Pesquisa Etnográfica

 
 

Observação Etinográfica

Há 30 quilômetros da capital paulista está a cidade de Embu das Artes, sua feira de artesanato, com 52 anos de história. A feira acontece aos sábados, domingos e feriados, das 10:00h às 17:30h, no compacto Centro Histórico. 

O Largo 21 de Abril é o coração da feira de artesanato que é montada a céu aberto. Esta está inserida em uma praça bastante arborizada, com canteiros, algumas estátuas em pedra e ferro e bancos de cimento. Entre eucaliptos, palmeiras e árvores nativas, ao centro, observa-se um coreto recém-restaurado, um notável relógio em uma das esquinas e um orelhão público. Ainda no largo, existe o Centro Cultural Embu das Artes que fornece informações turísticas e mapas aos visitantes, e uma base da Polícia Militar que também está instalada na porção sudeste da praça. Foi possível observar 3 bancos e diversos restaurantes e lojas ao redor da praça. Desde o largo é possível avistar a Igreja Matriz e a pequena Capela de São Lázaro, situadas na Rua da Matriz, construções que chamam a atenção pelas linhas da arquitetura jesuítica.

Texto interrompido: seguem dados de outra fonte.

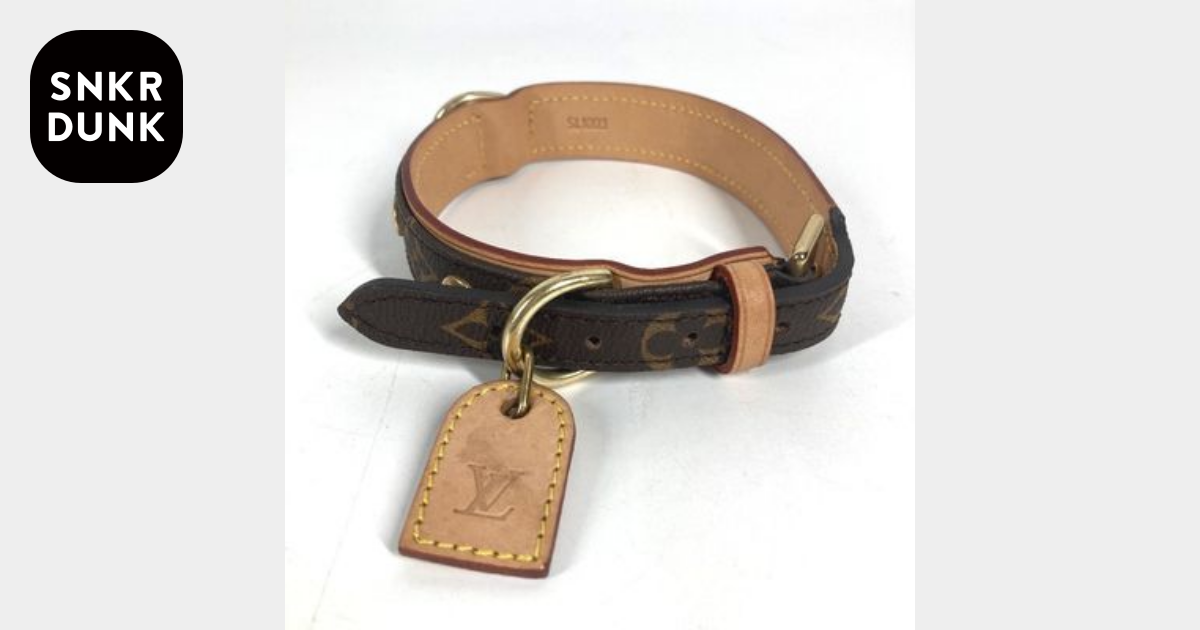 C (やや傷や汚れあり)】ルイヴィトン LOUIS VUITTON コリエバクスター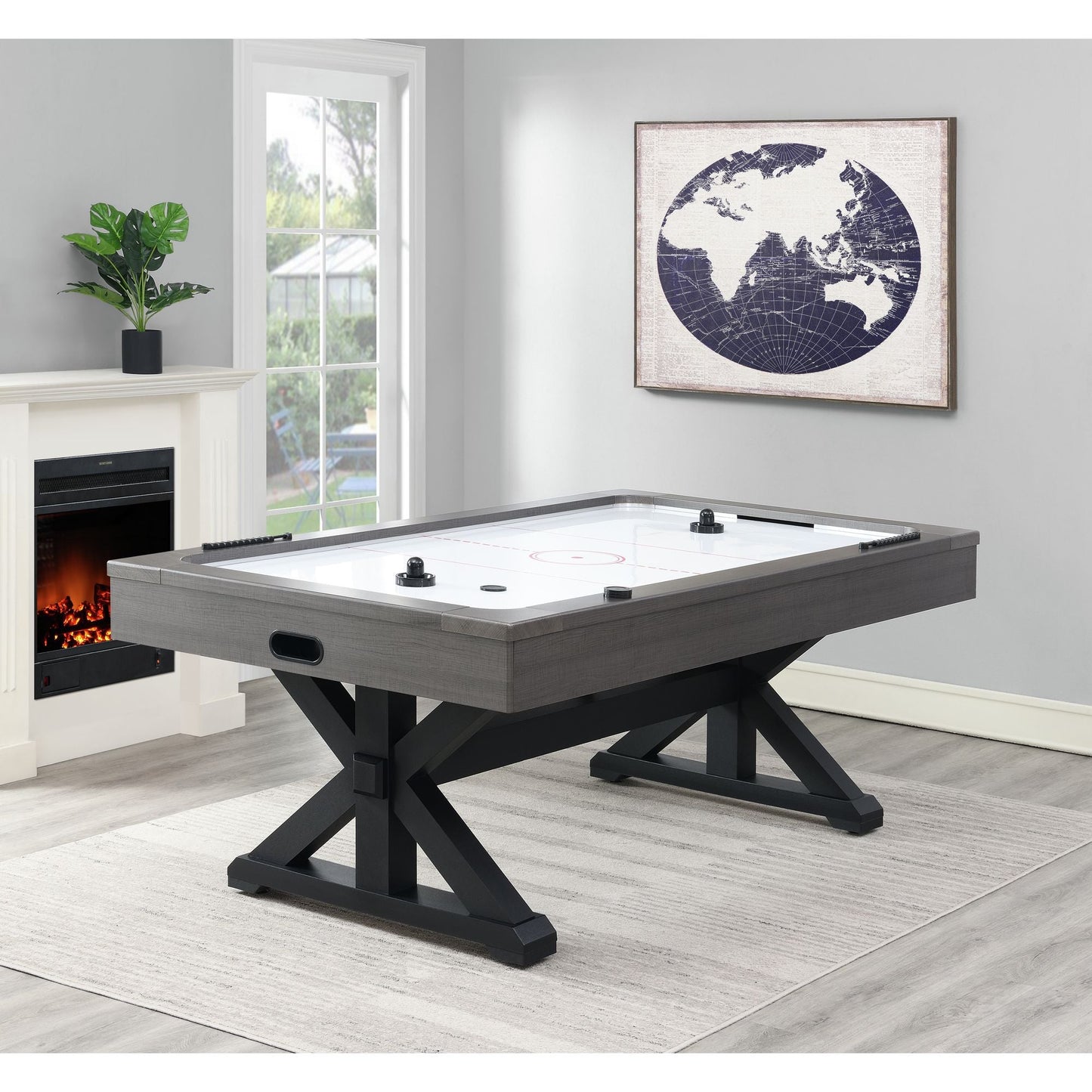 Frisco Air Hockey Table Air Hockey Table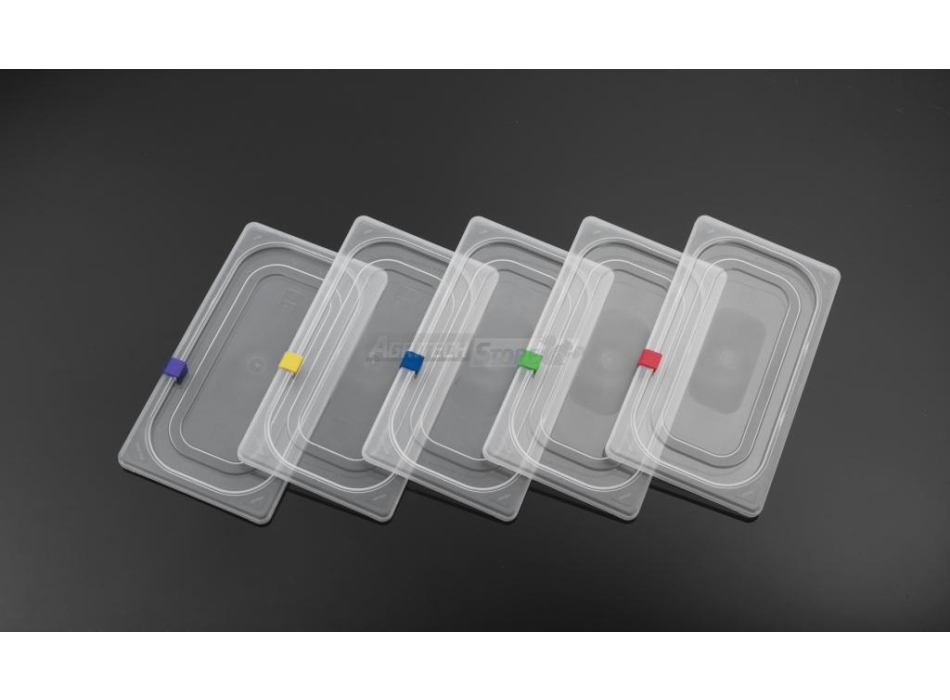 Pojemnik na pojemniki gastronomiczne z polipropylenu 1/1 HACCP Agritech Store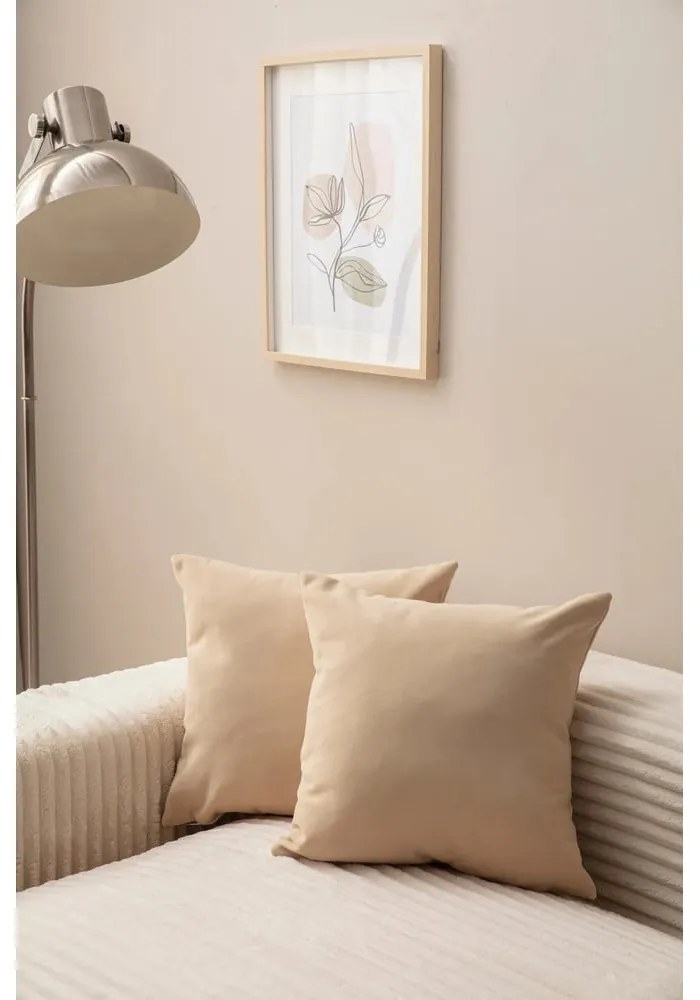 Poszewki na poduszki zestaw 2 szt. 43x43 cm – Mioli Decor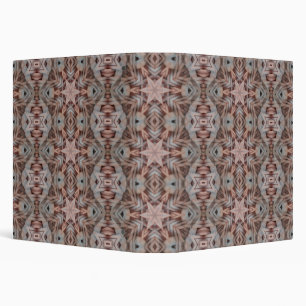 Star Starfish Dream 3 Ring Binder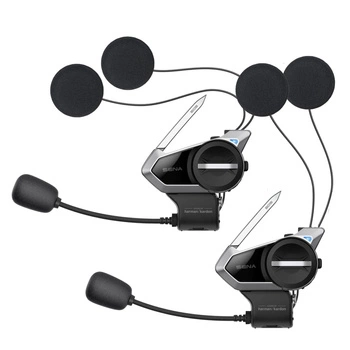 Zestaw Dwóch Interkomów Sena 50S Quantum Mesh 2.0
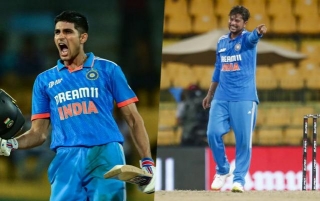 4 Indian Players Who Might Play Their First Ever ICC T20 World Cup In 2024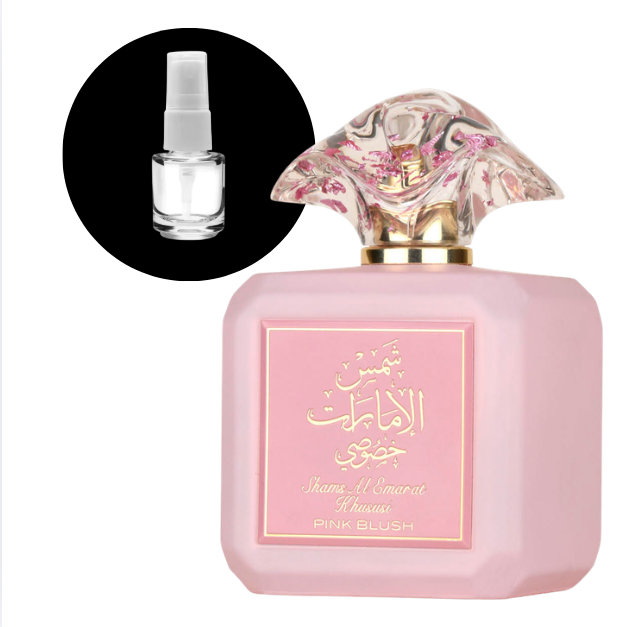 Shams Al Emarat Pink Blush Ard Al Zaafaran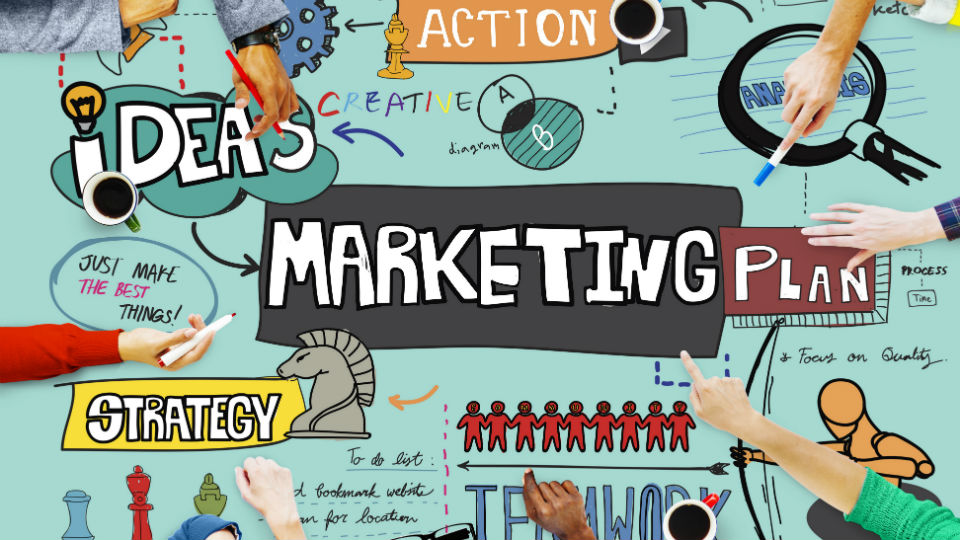 5 Tips voor je nieuwe marketing-/salesplan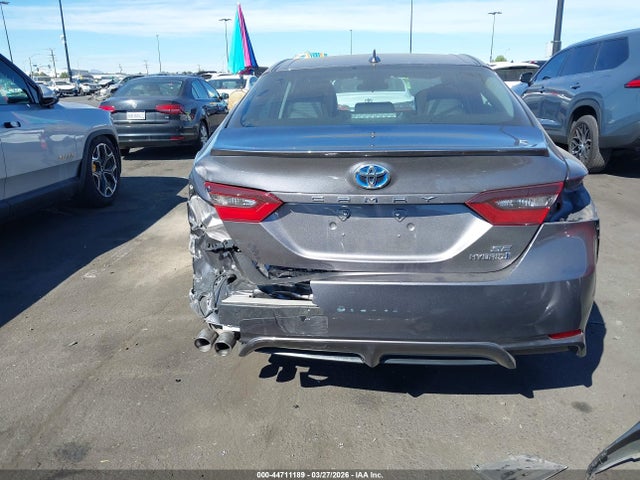 4T1G31AK9PU604463 Toyota Camry Se Hybrid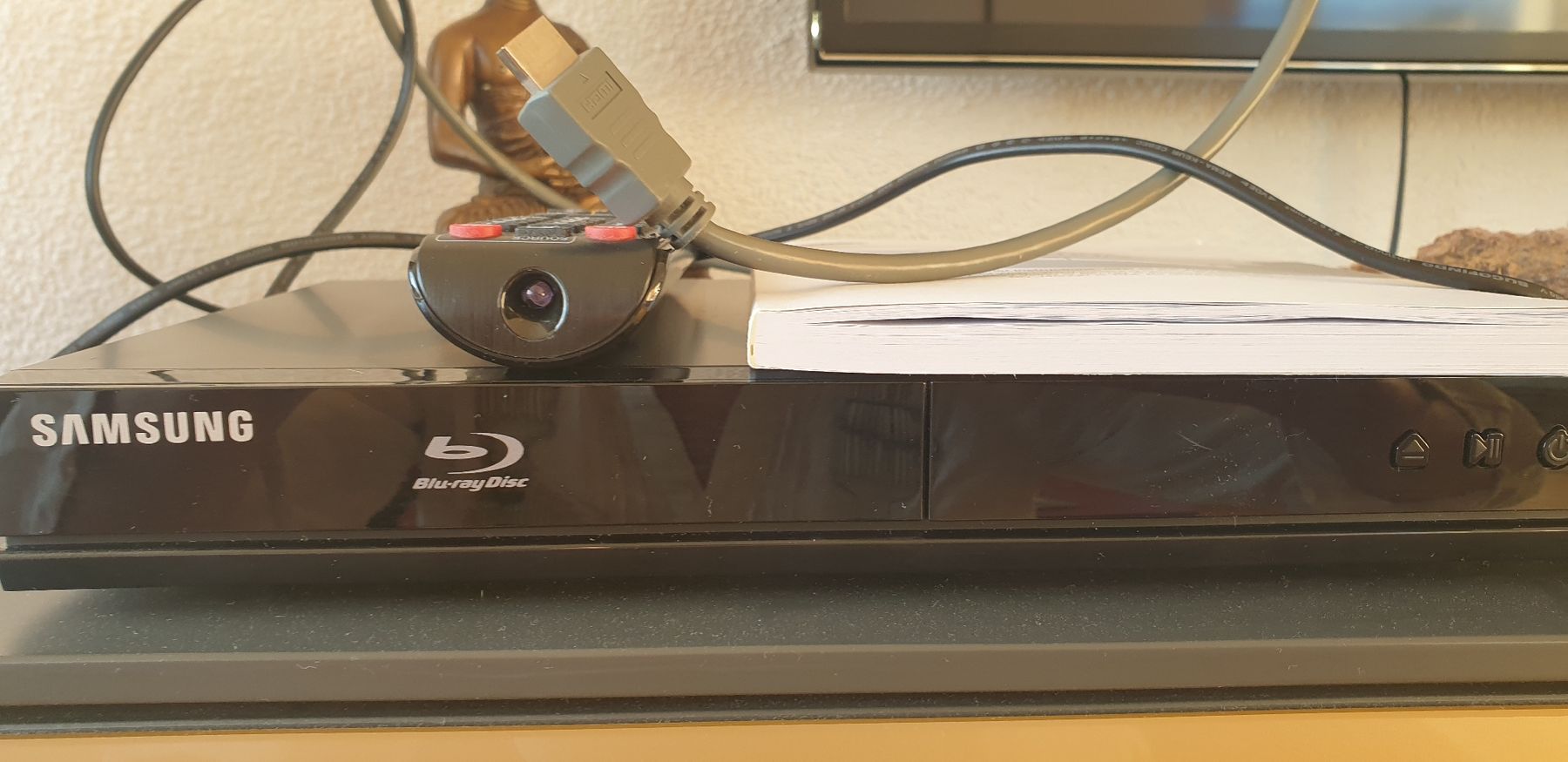Samsung Blu-ray TM Disc Player (Gebraucht) in Bern für CHF 50 – mit ...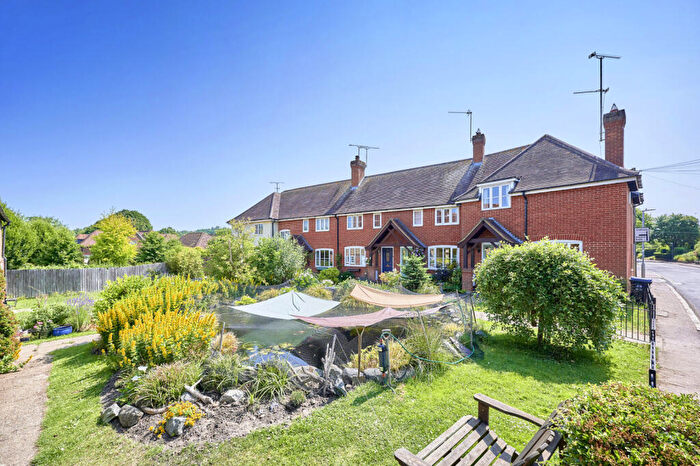 2 Bedroom Terraced House For Sale In Tannery Yard, High Street, Whitwell, Hitchin, SG4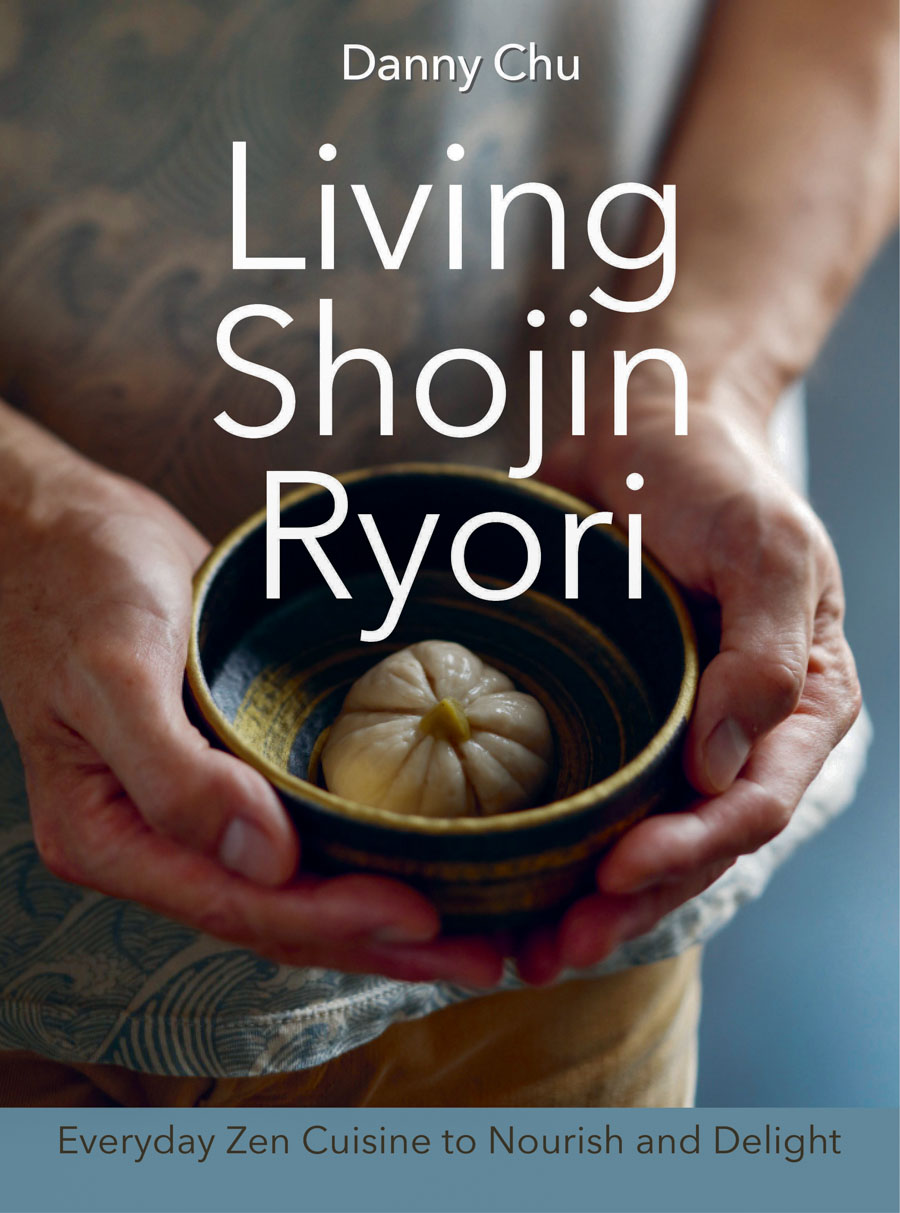    Photos and recipes reproduced from Living Shojin Ryori by Danny Chu, published by Marshall Cavendish. Available for sale on Amazon and leading bookstores.   
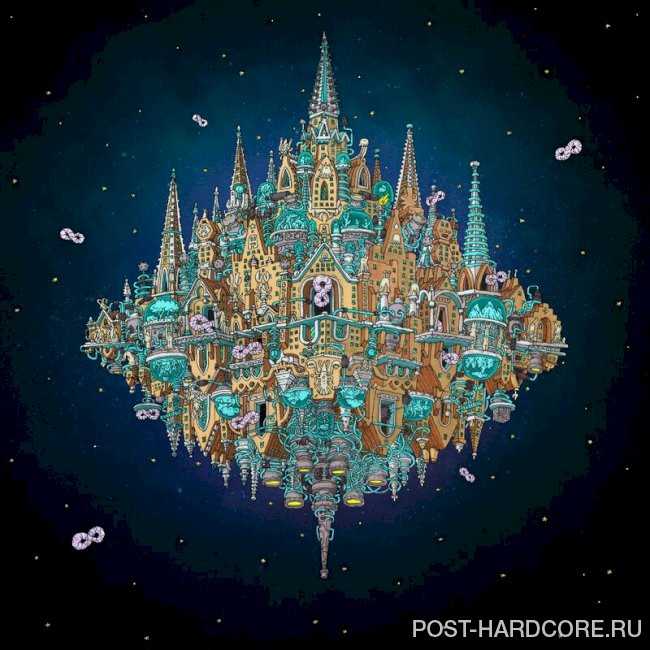 Dance Gavin Dance - A Shoulder to Cry On [single] (2025)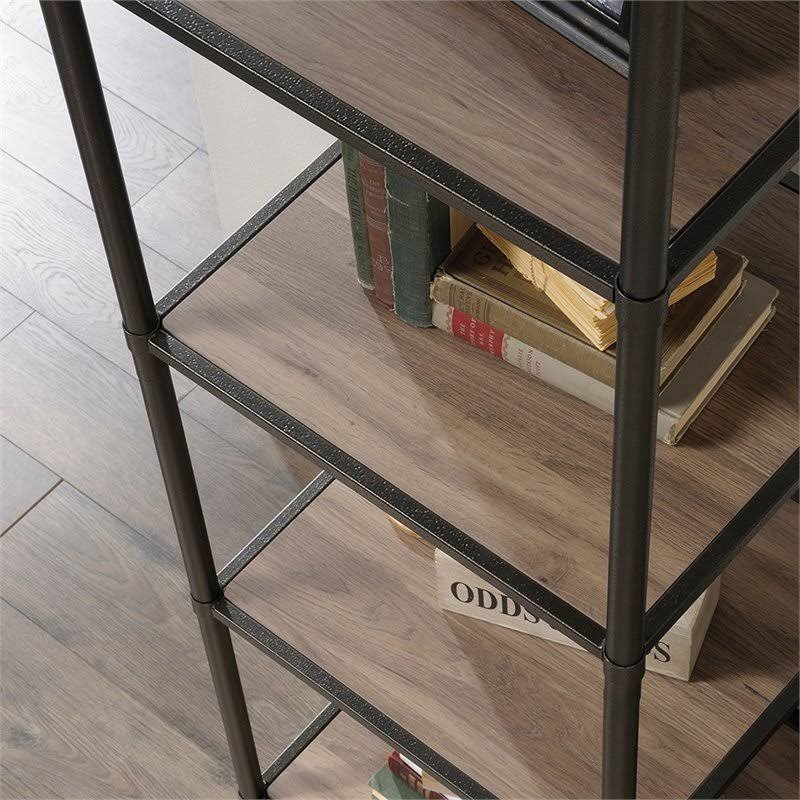 4-Shelf Bookcase J367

A feira de artesanato ocupa quase todos os quarteirões do Centro Histórico, ao sul do largo, denominado Passeio das Artes. Duas ruas abaixo do largo central, observamos um complexo arquitetônico marcante que engloba a Igreja de Nossa Senhora do Rosário e a residência anexa dos jesuítas e o Museu de Arte Sacra dos Jesuítas. O prédio foi construído no século XVIII pelos padres da Companhia de Jesus e tombada pelo Iphan (Conselho do Patrimônio Histórico Nacional) e pelo Condephaat (Conselho do Patrimônio Histórico Estadual). O conjunto formado pela igreja e convento, separados pela torre sineira, é destituído, em sua parte externa, de ornamentos, o que torna o seu aspecto bastante singelo. Foi bem alí que em 1969 foi criada a Feira de Artes e Artesanato.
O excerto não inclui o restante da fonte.